What to work on:
Word for word, restate every line from the one with "A gym with stationary" through the end of the records below, both included, and add nothing.

Records for processing:
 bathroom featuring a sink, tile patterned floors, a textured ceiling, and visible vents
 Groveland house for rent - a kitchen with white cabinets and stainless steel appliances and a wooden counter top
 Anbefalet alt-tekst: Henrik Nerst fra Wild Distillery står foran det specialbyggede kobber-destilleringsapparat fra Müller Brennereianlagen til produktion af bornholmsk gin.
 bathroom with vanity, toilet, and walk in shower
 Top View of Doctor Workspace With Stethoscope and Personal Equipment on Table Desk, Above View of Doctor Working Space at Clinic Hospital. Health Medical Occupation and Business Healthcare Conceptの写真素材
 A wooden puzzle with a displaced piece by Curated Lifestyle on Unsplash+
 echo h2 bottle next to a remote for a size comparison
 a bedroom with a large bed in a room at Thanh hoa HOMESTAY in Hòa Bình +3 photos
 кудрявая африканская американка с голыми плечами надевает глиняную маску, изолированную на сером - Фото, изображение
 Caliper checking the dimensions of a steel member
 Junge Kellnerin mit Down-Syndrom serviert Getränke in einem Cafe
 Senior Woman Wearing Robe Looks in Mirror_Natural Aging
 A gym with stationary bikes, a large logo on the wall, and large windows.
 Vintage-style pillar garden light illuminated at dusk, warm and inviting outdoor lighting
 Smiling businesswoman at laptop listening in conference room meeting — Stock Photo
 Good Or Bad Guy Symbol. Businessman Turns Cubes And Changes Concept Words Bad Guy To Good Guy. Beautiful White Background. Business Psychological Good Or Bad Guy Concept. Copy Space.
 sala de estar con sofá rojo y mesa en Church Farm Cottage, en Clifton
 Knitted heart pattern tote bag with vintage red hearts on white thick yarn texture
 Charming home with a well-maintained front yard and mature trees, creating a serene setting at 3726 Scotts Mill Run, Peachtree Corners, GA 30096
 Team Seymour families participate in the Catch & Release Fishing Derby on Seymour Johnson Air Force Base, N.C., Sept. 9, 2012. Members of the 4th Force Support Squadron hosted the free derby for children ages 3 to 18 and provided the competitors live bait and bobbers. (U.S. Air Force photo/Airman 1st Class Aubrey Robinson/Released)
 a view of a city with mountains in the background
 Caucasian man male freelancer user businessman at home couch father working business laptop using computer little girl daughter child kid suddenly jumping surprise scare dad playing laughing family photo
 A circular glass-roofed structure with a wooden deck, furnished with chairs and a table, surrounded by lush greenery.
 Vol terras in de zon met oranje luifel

Output for this exercise:
 A gym with stationary bikes, a large logo on the wall, and large windows.
 Vintage-style pillar garden light illuminated at dusk, warm and inviting outdoor lighting
 Smiling businesswoman at laptop listening in conference room meeting — Stock Photo
 Good Or Bad Guy Symbol. Businessman Turns Cubes And Changes Concept Words Bad Guy To Good Guy. Beautiful White Background. Business Psychological Good Or Bad Guy Concept. Copy Space.
 sala de estar con sofá rojo y mesa en Church Farm Cottage, en Clifton
 Knitted heart pattern tote bag with vintage red hearts on white thick yarn texture
 Charming home with a well-maintained front yard and mature trees, creating a serene setting at 3726 Scotts Mill Run, Peachtree Corners, GA 30096
 Team Seymour families participate in the Catch & Release Fishing Derby on Seymour Johnson Air Force Base, N.C., Sept. 9, 2012. Members of the 4th Force Support Squadron hosted the free derby for children ages 3 to 18 and provided the competitors live bait and bobbers. (U.S. Air Force photo/Airman 1st Class Aubrey Robinson/Released)
 a view of a city with mountains in the background
 Caucasian man male freelancer user businessman at home couch father working business laptop using computer little girl daughter child kid suddenly jumping surprise scare dad playing laughing family photo
 A circular glass-roofed structure with a wooden deck, furnished with chairs and a table, surrounded by lush greenery.
 Vol terras in de zon met oranje luifel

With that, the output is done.